In this case the indicator variables \({\bf I}_{i=1}^N\) become the count of times that each unit is selected. In without replacement sampling \(I_i\) can only be 0 or 1, but in with replacement sampling \(I_i\) can take any value from 0 to \(n\), subject to their values adding to the total sample size \(n=\sum_{i=1}^N I_i\).
The full vector of \({\bf I}\) values follows a multinomial distribution: \[ {\bf I} \sim \text{Multinomial}(n,(1/N){\bf 1}) \] where each individual has a probability \(\frac{1}{N}\) of being selected on each of the \(n\) draws. Then: \[\begin{eqnarray*} \bfa{E}{I_i} &=& \frac{n}{N} = \pi_i\\ \bfa{E}{I_i^2} &=& \frac{n}{N}\left(1+\frac{n-1}{N}\right)\\ \bfa{E}{I_iI_j} &=& \frac{n(n-1)}{N^2} = \pi_{ij} \qquad \text{$i\neq j$} \end{eqnarray*}\] so that the covariance of \(I_i\) and \(I_j\) is \[\begin{eqnarray*} \bfa{Cov}{I_i,I_j} &=& \bfa{E}{I_iI_j} - \bfa{E}{I_i}\bfa{E}{I_j}\\ &=& \left\{\begin{array}{ll} -\frac{n}{N^2}& \text{if $i\neq j$},\\ \frac{n}{N}-\frac{n}{N^2} & \text{if $i=j$} \end{array} \right. \end{eqnarray*}\] As with SRSWOR there is a (small) negative correlation between \(I_i\) and \(I_j\) for distinct units. If unit \(i\) is already selected it slightly decreases the chances that unit \(j\) will end up in the sample.

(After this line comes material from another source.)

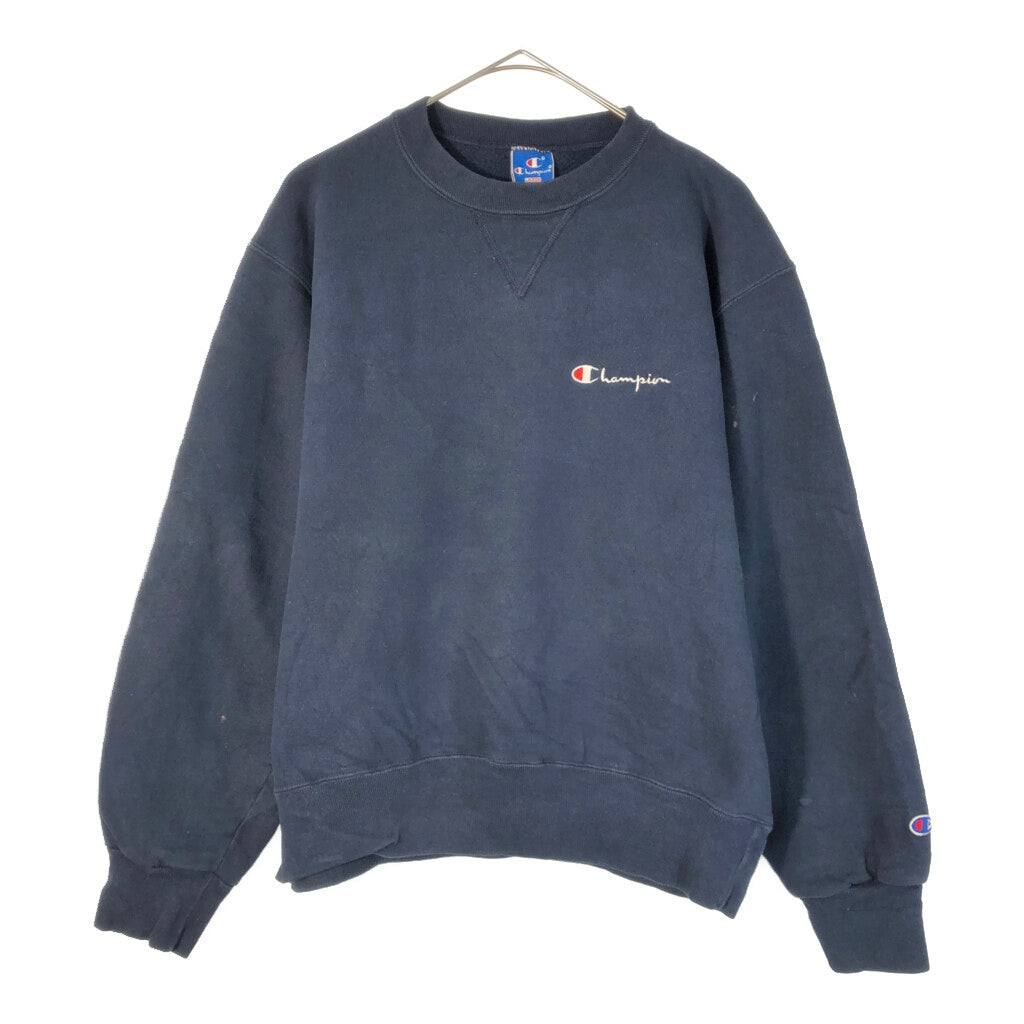 90s Champion Logo Sweat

We have the same unbiased HT estimator \[\begin{eqnarray} \estm{Y}_{HT} &\equiv& \sum_{k\in s} \frac{y_{k}}{\pi_k}\\ \nonumber &=& \sum_{i\in U} I_i\frac{Y_i}{\pi_i}\\ &=& \frac{N}{n} \sum_{i\in U} I_iY_i \end{eqnarray}\] with \[\begin{eqnarray*} \bfa{E}{\estm{Y}_{HT}} &=& \frac{N}{n} \sum_{i\in U} \bfa{E}{I_i}Y_i\\ &=& \frac{N}{n} \sum_{i\in U} \frac{n}{N} Y_i\\ &=& \sum_{i\in U} Y_i\\ &=& Y \end{eqnarray*}\]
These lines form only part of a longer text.